Selil

Le 28 mai, le jeune combo de Lyon jouait aux pieds du Lion. C’était le FIMU de Belfort et c’était plus que prometteur. Combo percus-batterie au cordeau, claviers jazz-junk-house à ressorts. Autant de bonnes raisons de parier sur l’avenir et de tirer un trait sur une sieste pour une interview en début d’après-midi. Face-à-faces.

par | 13 Juin 2023 | interviews

Selil

Selil, combo jazz-funk tout flouflou © DR (fb Selil)

Selil, c’est du jazz qui se danse ou du jazz qui se pense ?
On va faire une bonne réponse de Normand et on va dire les deux. C’est une musique qui se pense dans l’écriture, avec des structures et la volonté de savoir qui joue quoi à quel moment, pour avoir une unité de son. Ensuite, c’est une musique qui se danse avec des sonorités club. On va pas mal empiéter sur le terrain de la House. D’ailleurs, les gens dansent plutôt à nos concerts. C’est une musique qui se pense, mais sans siège dans le public, c’est ça le truc.

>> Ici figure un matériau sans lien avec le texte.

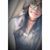 Basma Youssef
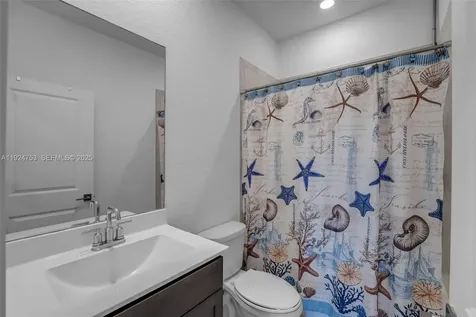 19815 SW 132nd Court Miami FL 33177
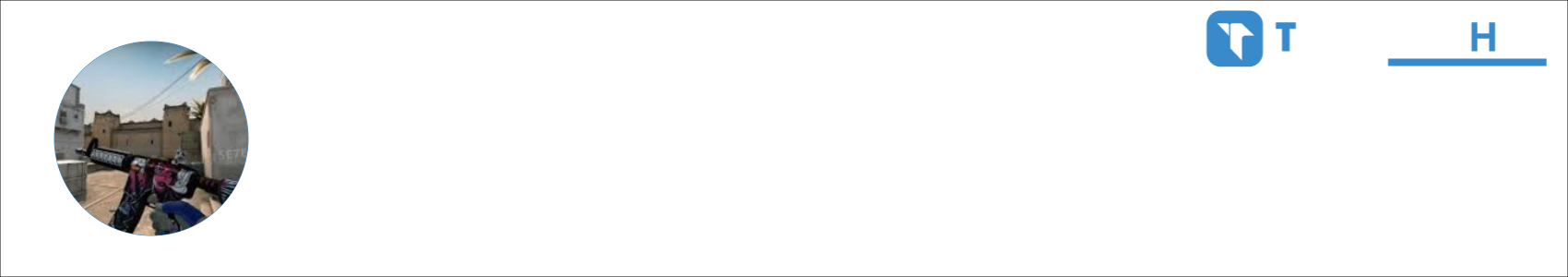 thats_ak Activity Banner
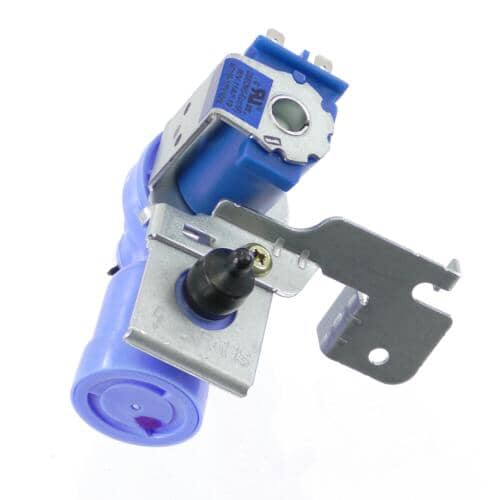 LG Inlet Valve Assembly MJX41178909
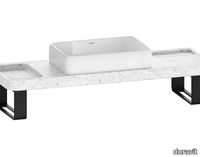 qatego-carrara-marble-washbasin-countertop-duravit-633833-reld04daeb.jpg thumb image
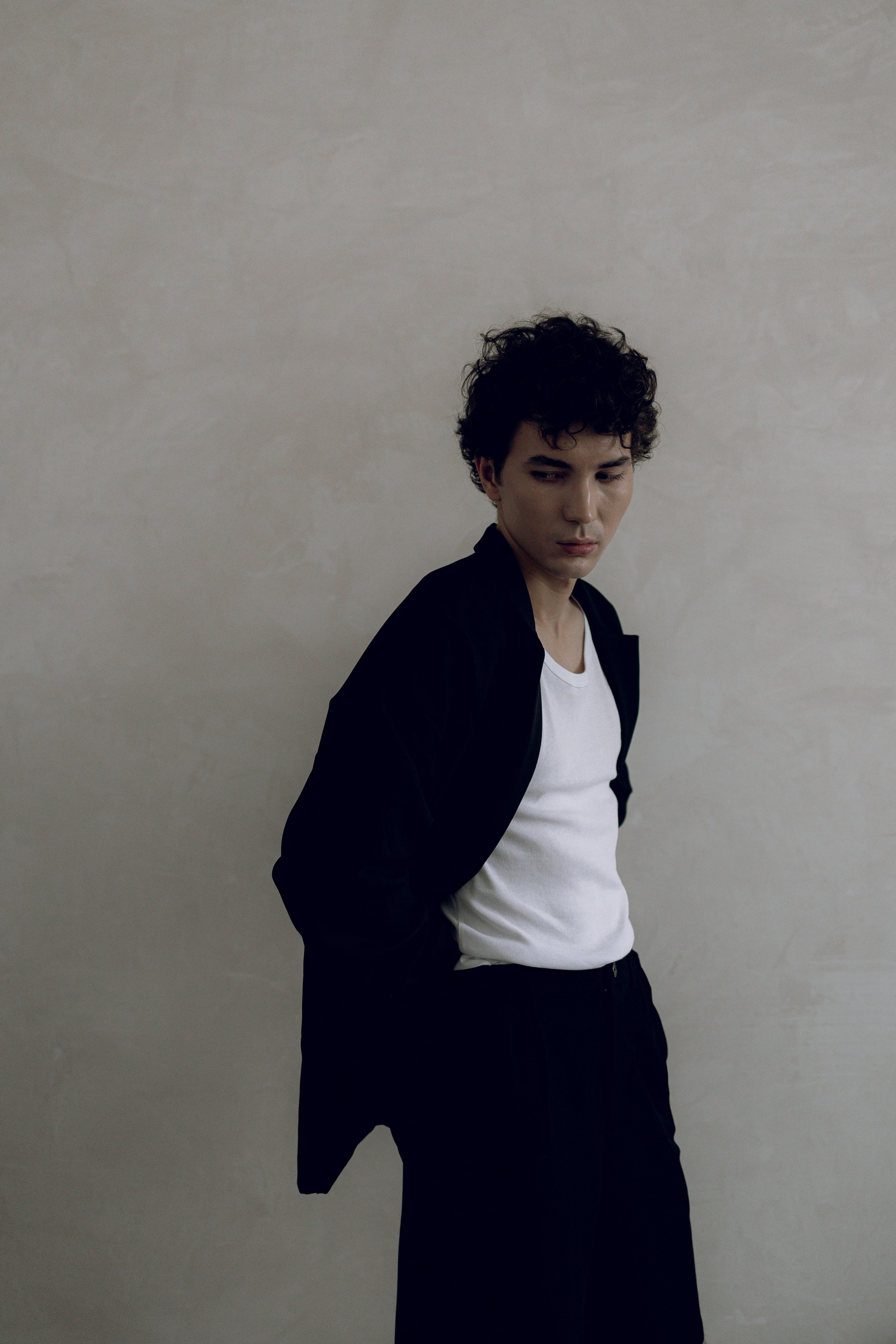 Love. Свадебный фотограф Казань| Фотограф Казань Зевакина Анастасия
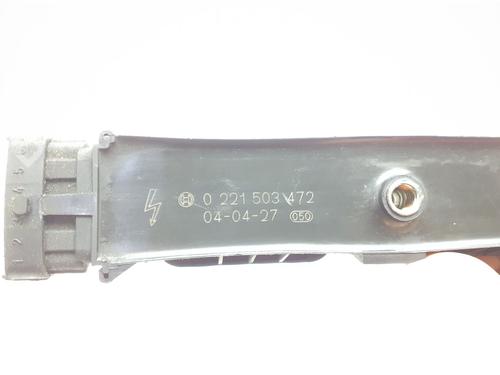 Ignition coil OPEL ASTRA H (A04) 1.4 (L48) | BP38559889M94 - Image 5
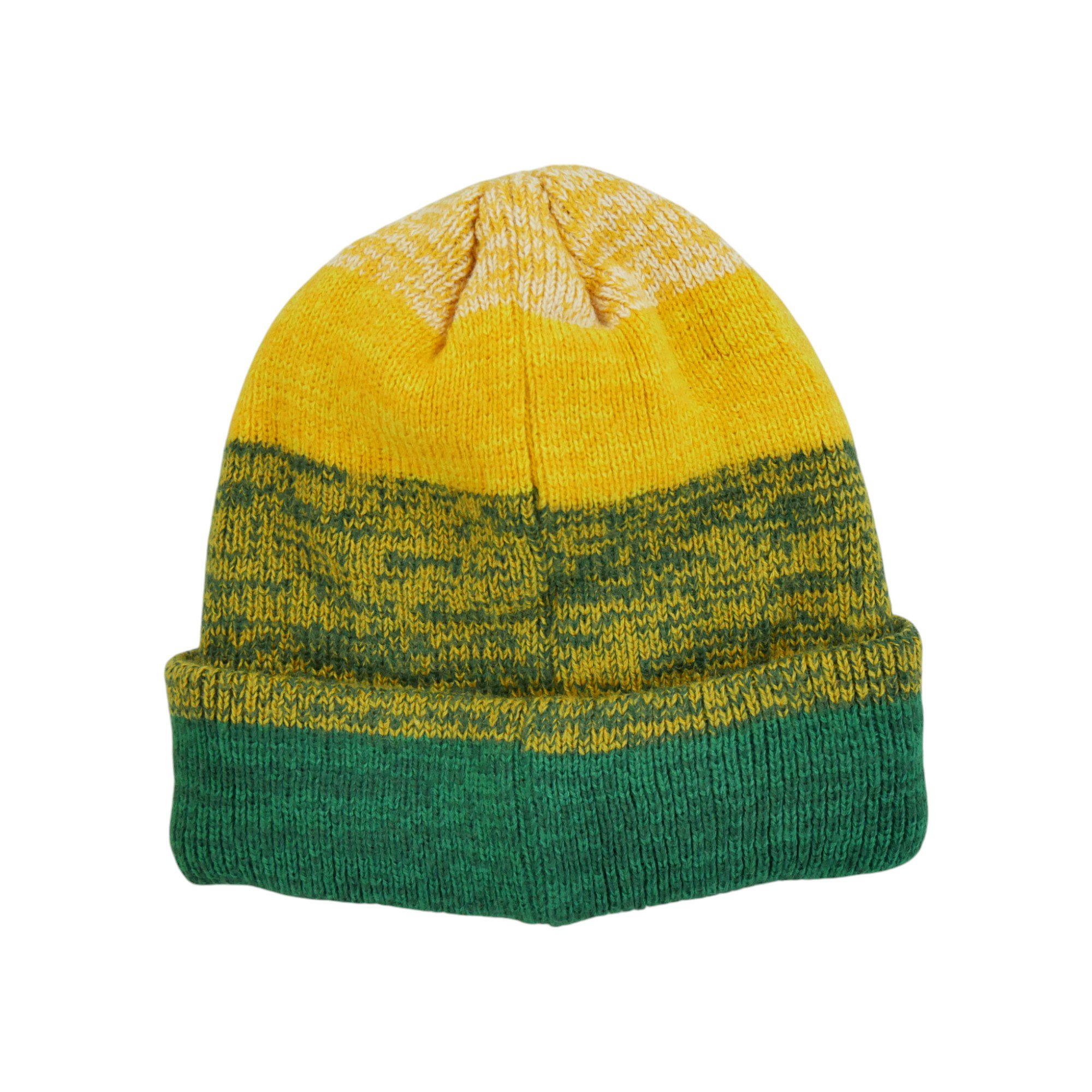 Bonnet Homme NFL Green Bay Packers 2
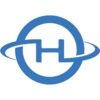 Highforge Solutions LLC - Ecommerce Designer / Marketer / Photographer / Setup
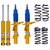 Bilstein 12-16 Volvo S60 B16 (iRC) Suspension Kit - Front / Rear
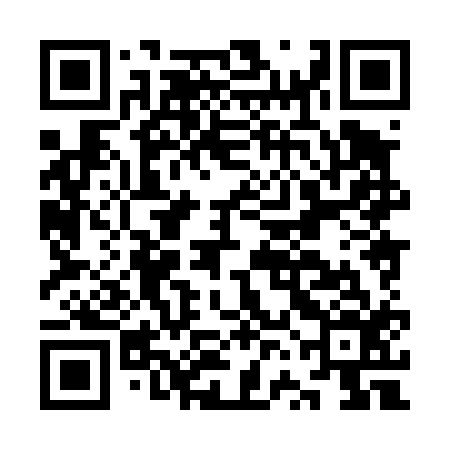 QR code for KVH416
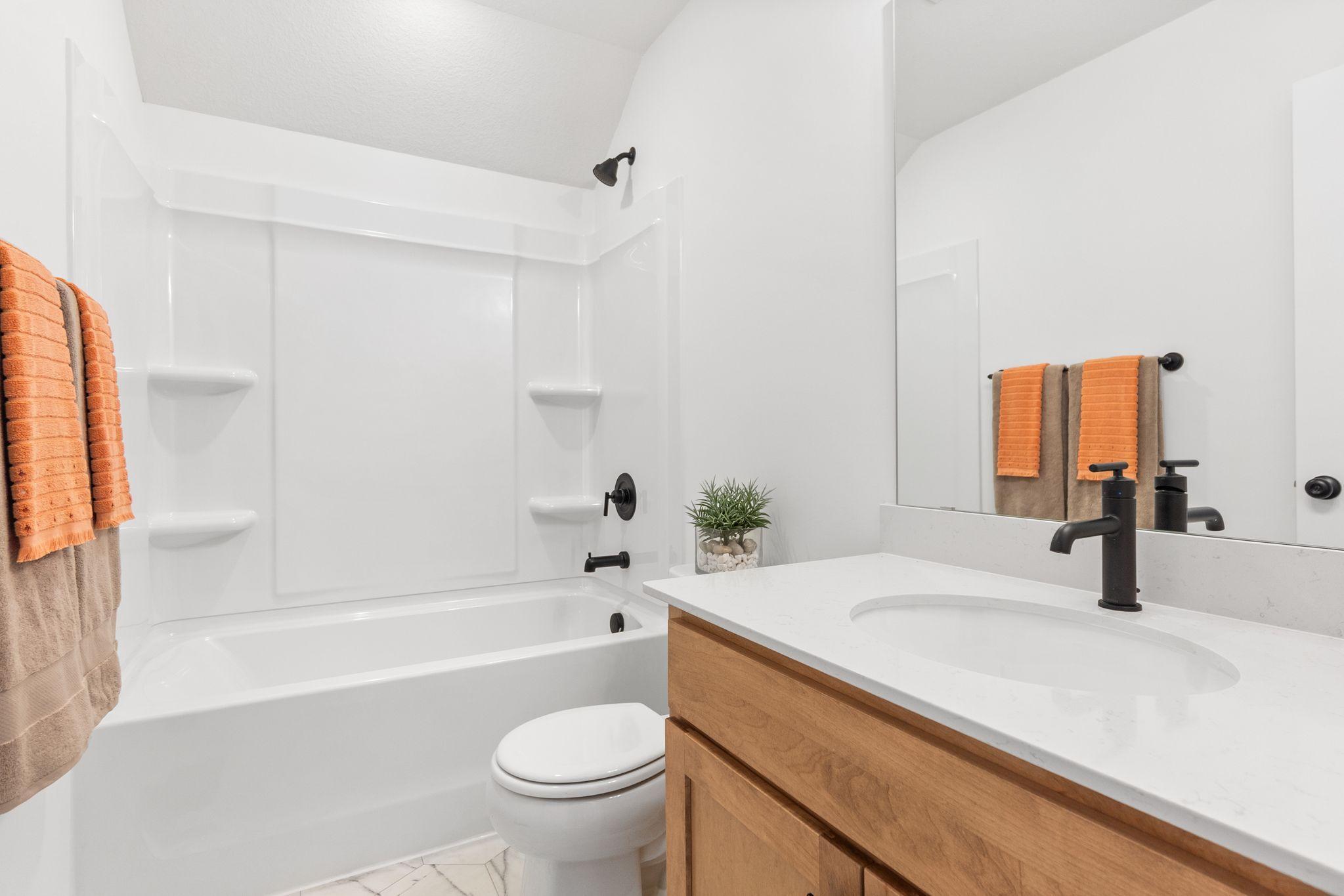 8012 Xyloid Lane Corcoran, MN 55340 - Photo 10 of 16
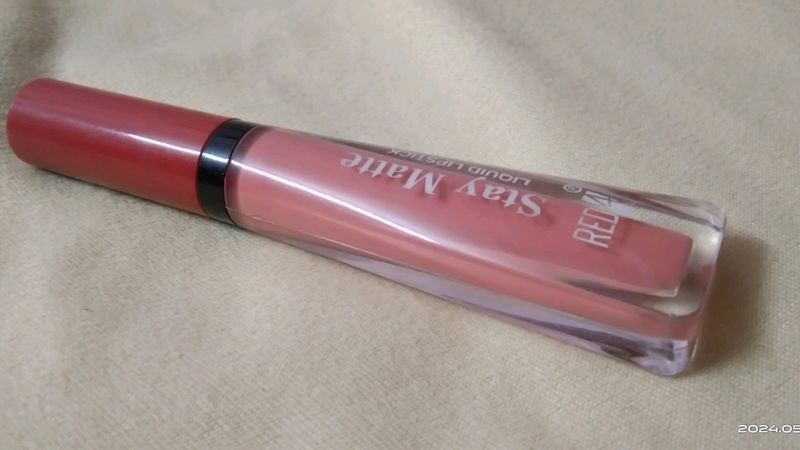 Lipstick 💋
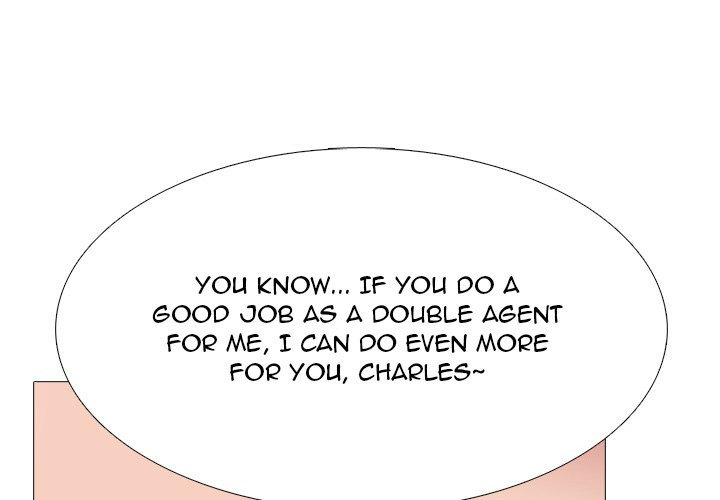 Read manhwa Extra Credit END Chapter 74 - SauceManhwa.com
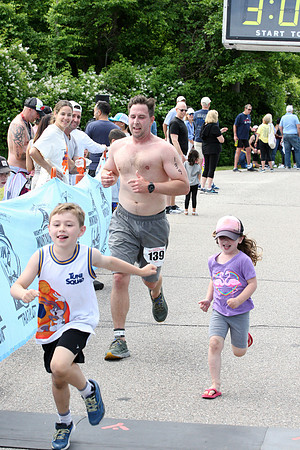 RunFinish_0143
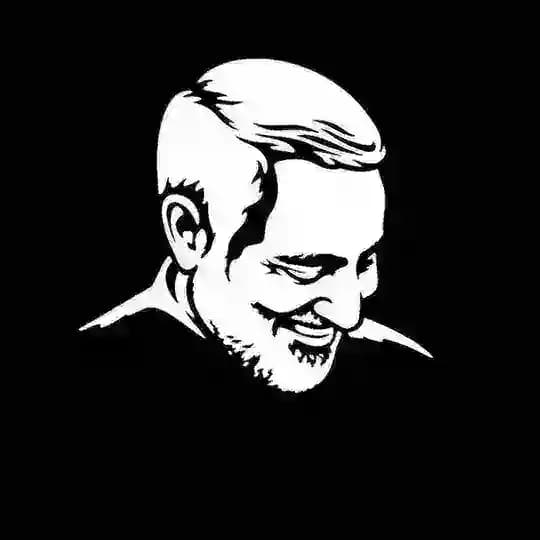 امور فرهنگی شهید سلیمانی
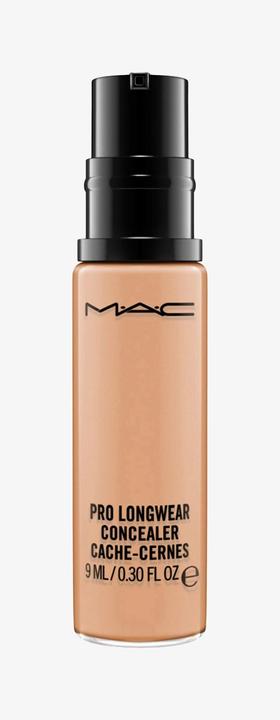 Immagine prodotto MAC Cosmetics Correttore Pro Longwear (DN 35)
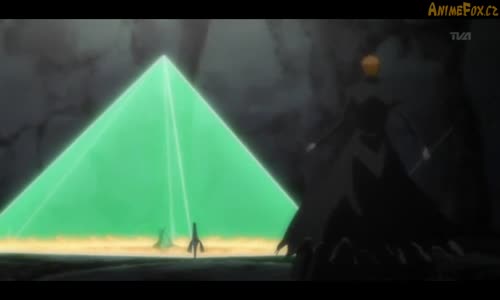 Bleach 247 avi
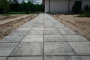 Купите квадратную тротуарную плитку от производителя компания «Выбор»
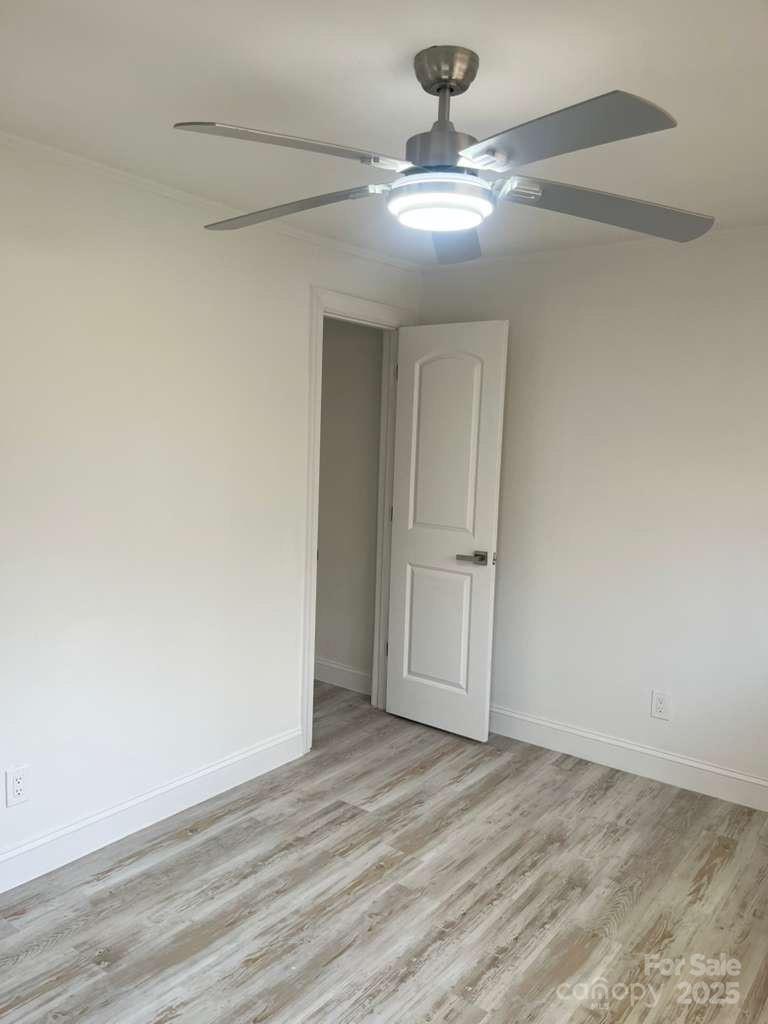 Springdale - Residential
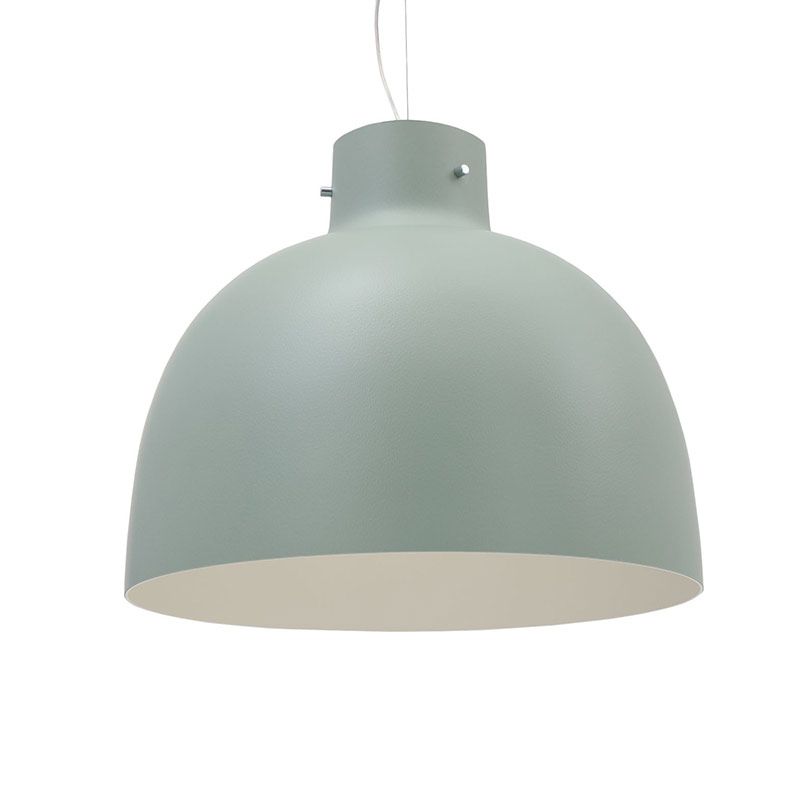 ベリッシマ Kartellサマープロモーション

Vous êtes de tout jeunes musiciens français. C’est quoi vos légendes en funk ? House ? Fusion ?
On vient tous d’influences très très différentes. Mais on en parlait juste avant de venir, au sein de Selil, il y a de grosses références et aussi des légendes. Une des légendes c’est Herbie, clairement. Les références sont pas mal actuelles. Notamment Yussef Kamaal, soit Kamaal Williams et Yussef Dayes quand ils étaient ensemble. Il y a Chris Dave aussi. On écoute des vieux trucs, On va y puiser nos influences, notre vocabulaire mais on se positionne un peu comme des enfants d’un mouvement lui-même tiré de trucs plus anciens. Depuis un an environ, on découvre ce qui se fait en France. Le quintet de Léon Phal est assez inspirant, pour la couleur et la musique du groupe. Ensuite, on a une certaine naïveté en abordant la House, par exemple, parce qu’on ne peut pas dire que ce soit des trucs avec lesquels on a grandi. On s’est approprié cela sur la base de notre culture pour proposer aux gens un mix de toutes ces influences et références.

Vous faites beaucoup référence à la scène jazz anglaise. Qu’est-ce que vous gardez du jazz UK, le plus récent ?
La place des instruments déjà au sein de notre groupe. Avec des batteurs comme Yussef Dayes on a mis la batterie en avant. Dans nos rythmiques, il y a le tandem batterie-percus. On retrouve aussi certaines sonorités qu’a amenées Kamaal Williams aussi, pour le clavier. Du jazz UK, on aime aussi la simplicité générale, enfin apparente, de cette musique. Le côté efficace. On a beaucoup observé et adoré le fait que des morceaux puissent être vraiment basés sur très peu d’éléments. D’ailleurs, c’est ce qui fait le pont avec la musique électronique qui nous abreuve en ce moment, la House notamment. C’est pour ça que notre musique évolue de cette manière, avec ce détachement vis-à-vis d’une musique un peu trop simple pour nous. Dans le sens, où on trouve qu’elle est trop simple mais mais sur la direction artistique qu’on a envie de prendre. Ça rejoint un peu la première question que t’as posé. Sur certains de nos morceaux, à l’inverse extrêmement écrits. Là, on se détache du jazz UK qu’on a écouté. Typiquement, l’album de Yussef Kamaal. On l’adore, mais on ne fait pas une musique aussi élémentaire.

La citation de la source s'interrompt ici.